EECS 445: Machine Learning

Hands On 10: Bias Variance Tradeoff

Consider a sequence of IID random variable: $$ X_i = \begin{cases} 100 & \text{ with prob. } 0.02 \\ 0 & \text{ with prob. } 0.97 \\ -100 & \text{ with prob. } 0.01 \\ \end{cases} $$ The true mean of $X_i$ is $$ 0.02 \times 100 + 0.97 \times 0 + 0.01 \times -100 = 1 $$

We want to estimate the true mean of this distribution. We will consider two different estimators of the true mean. Let's say you take three samples $X_1, X_2, X_3$, and you compute the empirical mean $Z=\frac{X_1 + X_2 + X_3}{3}$ and empirical median $Y$ of these three samples (recall that the median is obtained by sorting $X_1, X_2, X_3$ and then choosing the middle (2nd) entry).

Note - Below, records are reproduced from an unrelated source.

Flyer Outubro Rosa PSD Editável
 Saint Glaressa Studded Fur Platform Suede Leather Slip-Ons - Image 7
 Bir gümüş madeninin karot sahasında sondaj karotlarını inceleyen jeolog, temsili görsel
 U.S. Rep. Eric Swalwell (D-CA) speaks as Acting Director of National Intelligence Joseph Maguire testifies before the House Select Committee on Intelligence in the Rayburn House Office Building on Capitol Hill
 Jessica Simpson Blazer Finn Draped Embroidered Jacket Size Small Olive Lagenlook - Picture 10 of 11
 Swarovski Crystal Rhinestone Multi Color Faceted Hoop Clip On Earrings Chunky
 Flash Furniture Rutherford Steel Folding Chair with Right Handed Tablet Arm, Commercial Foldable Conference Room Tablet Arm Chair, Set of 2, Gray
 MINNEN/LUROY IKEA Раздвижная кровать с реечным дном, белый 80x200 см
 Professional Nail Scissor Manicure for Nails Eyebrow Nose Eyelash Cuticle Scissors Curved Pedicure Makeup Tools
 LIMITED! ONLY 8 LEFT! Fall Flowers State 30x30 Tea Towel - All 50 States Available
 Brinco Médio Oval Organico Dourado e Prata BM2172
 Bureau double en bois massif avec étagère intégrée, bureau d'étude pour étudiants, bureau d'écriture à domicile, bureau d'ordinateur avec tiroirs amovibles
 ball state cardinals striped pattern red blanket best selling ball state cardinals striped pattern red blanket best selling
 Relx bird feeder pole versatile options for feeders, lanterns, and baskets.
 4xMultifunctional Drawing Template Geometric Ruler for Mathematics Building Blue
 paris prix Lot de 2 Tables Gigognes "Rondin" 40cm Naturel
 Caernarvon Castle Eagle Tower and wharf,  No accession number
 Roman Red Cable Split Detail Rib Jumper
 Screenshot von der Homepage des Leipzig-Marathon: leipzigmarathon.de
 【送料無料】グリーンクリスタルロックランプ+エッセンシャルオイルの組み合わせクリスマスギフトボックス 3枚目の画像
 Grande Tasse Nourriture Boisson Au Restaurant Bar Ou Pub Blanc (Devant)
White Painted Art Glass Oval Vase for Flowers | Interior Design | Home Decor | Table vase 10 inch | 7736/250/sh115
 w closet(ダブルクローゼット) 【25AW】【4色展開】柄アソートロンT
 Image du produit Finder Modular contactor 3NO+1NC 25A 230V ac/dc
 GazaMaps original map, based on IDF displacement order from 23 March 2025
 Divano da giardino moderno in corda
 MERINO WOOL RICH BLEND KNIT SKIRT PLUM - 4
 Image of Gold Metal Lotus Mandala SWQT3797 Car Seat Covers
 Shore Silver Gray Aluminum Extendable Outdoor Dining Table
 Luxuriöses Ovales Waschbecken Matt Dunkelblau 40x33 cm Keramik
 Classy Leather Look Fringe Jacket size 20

What is the bias-variance tradeoff of the $Y$ and $Z$ for estimating the true mean of the above distribution?

  • They are both unbiased estimators of the true mean, and have the same variance.
  • The median has higher bias and higher variance.
  • The mean has higher bias and higher variance.
  • They both have no bias, but the mean has lower variance.
  • The mean has no bias but some variance, and the median has non-zero bias but less variance

Solution

The last answer is correct.

The empirical mean of a sample of random $n$ IID random variables is always an unbiased estimate of the true mean. However, the empirical mean estimator can have high variance. Here it is $ \text{Var}(Z) = \frac{\text{Var}(X_i)}{3} = \frac{(100-1)^2 \times 0.02 + (-100 - 1)^2 \times 0.01 + (0-1)^2 \times 0.97}{3} = 99 \frac 2 3.$

The median, on the other hand, is a biased estimator. It is a little bit hard to calculate exactly, but here goes: $$ median = \begin{cases} 100 & w.p. 0.02^3 + \binom{3}{1} 0.02^2 \times 0.98 \\ -100 & w.p. 0.01^3 + \binom{3}{1} 0.01^2 \times 0.99 \end{cases} $$ If you work this out, you see that the median on average is $0.089$. This means that the $\text{bias}^2 \approx (1-0.089)^2$ which is no more than 1. Using a similar argument, you can check that the variance of the median is no more than 20. This can be checked experimentally!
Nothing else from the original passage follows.